Луша поднялась из-за стола.
— Пропадет корова-то, — вздохнул поп, идя следом за Лушей к двери.
— Пропадет. — Девушка снова заплакала. — Батюшка, возьмите коровенку себе, а мне дайте поросенка. Поросенка я выхожу... Мясо будет.
Отец Амвросий удивленно взглянул на Лушу и неожиданно расхохотался:
— Хо-хо-хо! Да на кой же мне, прости господи, твоя корова? Захочется мяса, я в тайге сохатого завалю. А молока, так у меня свои коровы доятся. Да и не стану я малолетних обирать... Придумала. Я не заедатель, не Лука.
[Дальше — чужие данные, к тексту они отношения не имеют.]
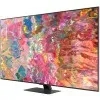 تلویزیون 4K سامسونگ 55Q80B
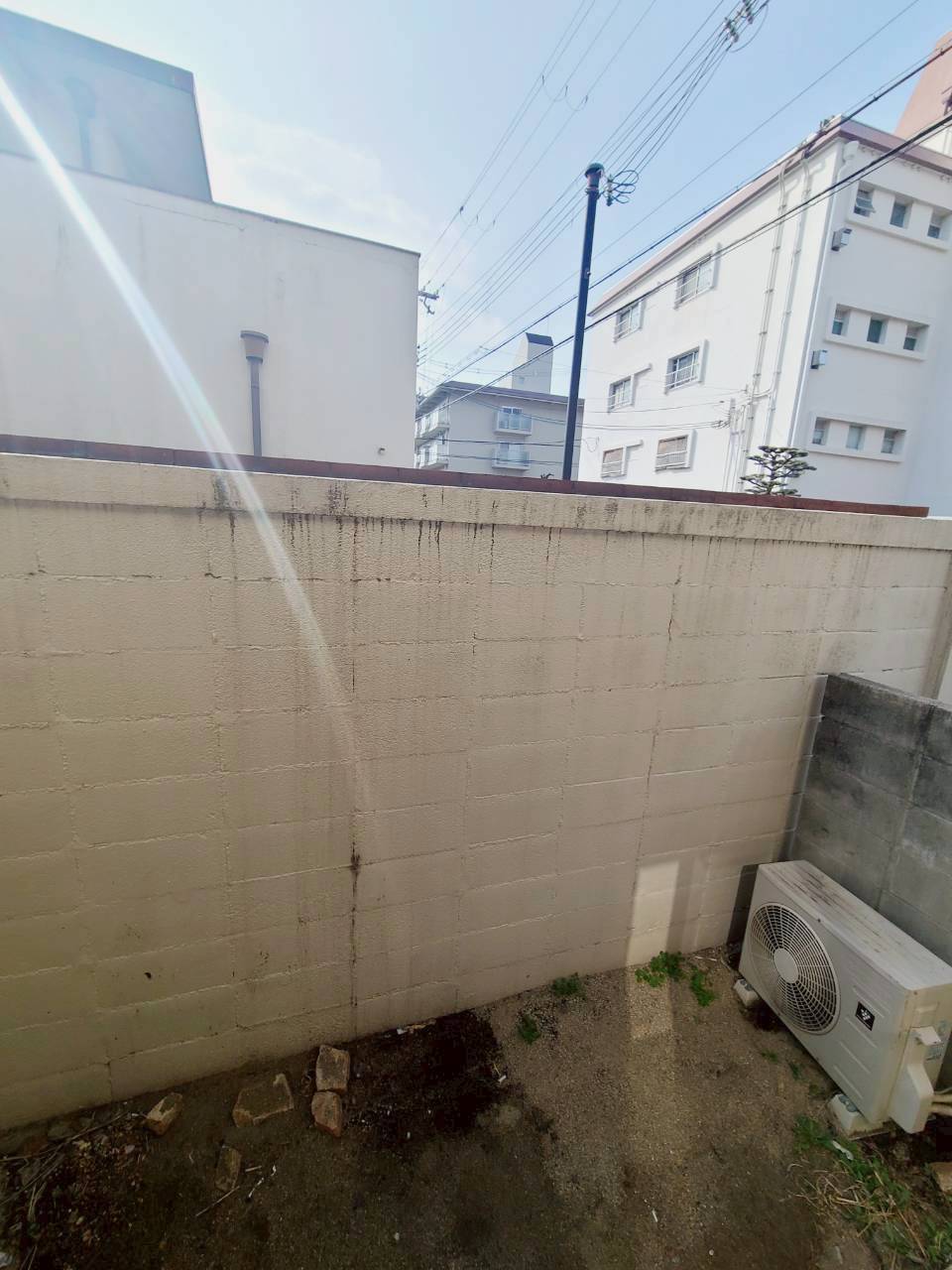 ハイツテンドウのその他写真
Лукерья вышла из поповских ворот, утерла рукавом слезы и решительно направилась на другой конец деревни, к пятистенному, за глухим забором, большому дому Луки.
Лука, когда Луша побрякала кольцом у тяжелой калитки, унял во дворе собак, приоткрыл кованый засов, но оставил калитку на толстой цепочке, просунул в щель длинную голову с запавшими глазами, оглядел Лукерью, скрипучим бабьим голосом спросил:
— Чего тебе?
Замирая от стыда и от страха, Луша рассказала о своей беде. Лука отворил калитку, впустил девушку во двор, долго раздумывал о чем-то, чесал под шапкой сивые редкие волосы.
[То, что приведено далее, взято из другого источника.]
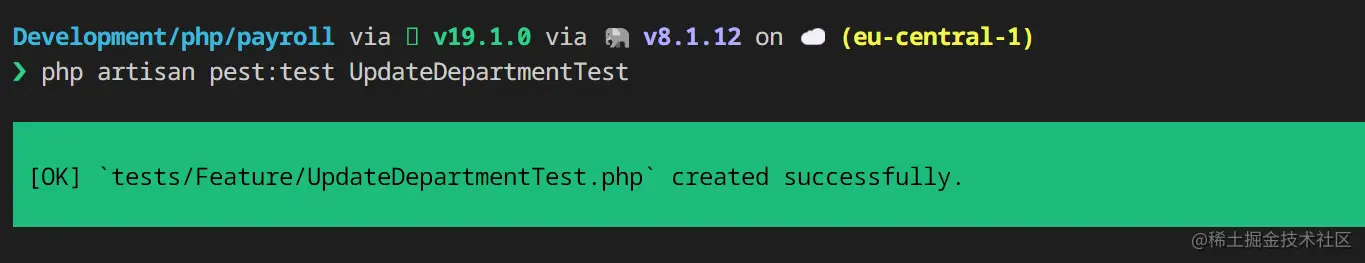 image-20221121004345213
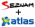 Seznam + Atlas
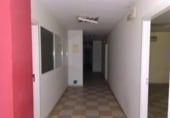Oficinas en venta con 360m² en Granada, en la zona de Barrio de San Antón, Calle San Antón foto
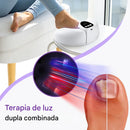 maia-express-laser-para-fungos-na-unha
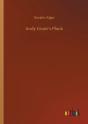 Andy Grants Pluck - Preview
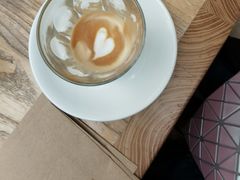 -VOYAGE COFFEE(北锣鼓巷店)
Двор у Луки большой, прибранный. У плотного забора высокой, опрятной поленницей сложены дрова — наколотые, видать, сухие.
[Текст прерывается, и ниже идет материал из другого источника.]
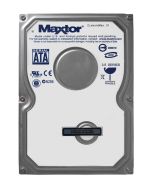 6L200S0 Maxtor DiamondMax 10 200GB 7200RPM SATA 1.5Gbps 16MB Cache 3.5-inch Internal Hard Drive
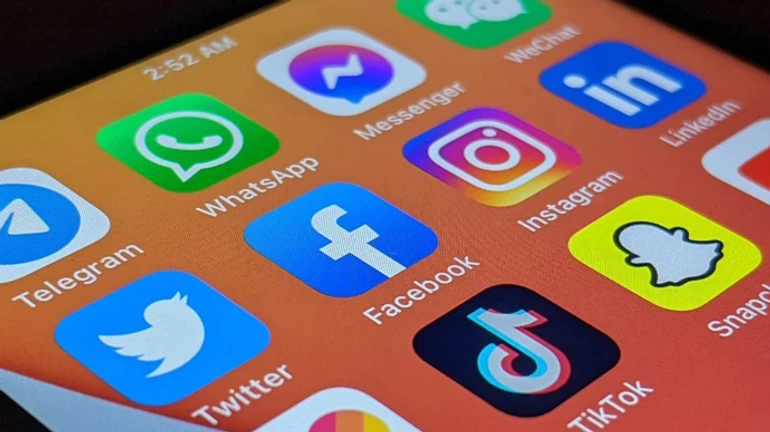 Опитування виявило найпопулярніший мессенджер в Україні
Большой амбар в глубине двора, широкие двери раскрыты. Из амбара вдруг вылезла на четвереньках патлатая девчонка лет десяти, в тряпье. Голову держала к земле, будто искала что-то потерянное. Подняла щепку, понюхала, отшвырнула, еще ниже свесила нечесаную голову. Луша, как увидела ее, чуть не закричала с испугу, зажала ладонью рот, но тут же сообразила, что это и есть дочка Луки. У него еще парень должен быть лет пятнадцати, сынок. Вон он, на телеге сидит, свесив голые, вялые ноги, смотрит куда-то мимо отца бесцветными, пустыми глазами. Большие, отвислые губы улыбаются. В деревне говорили, он даже имени своего не знает. Вообще-то ничего, тихий, только от него надо прятать спички: все поджигает, может спалить родной дом. Вот какие дети у Луки, бог на него прогневался. Во всей его родове было что-то неладное — одни говорили, будто к ним какая- то поганая болезнь приблудилась, другие — что кровь неспособная. Брат Луки был без соображения, помер пустой смертью: нажрался теста, которое стояло на хлебы, оно его и замаяло. Сестра, говорят, была немая от рождения.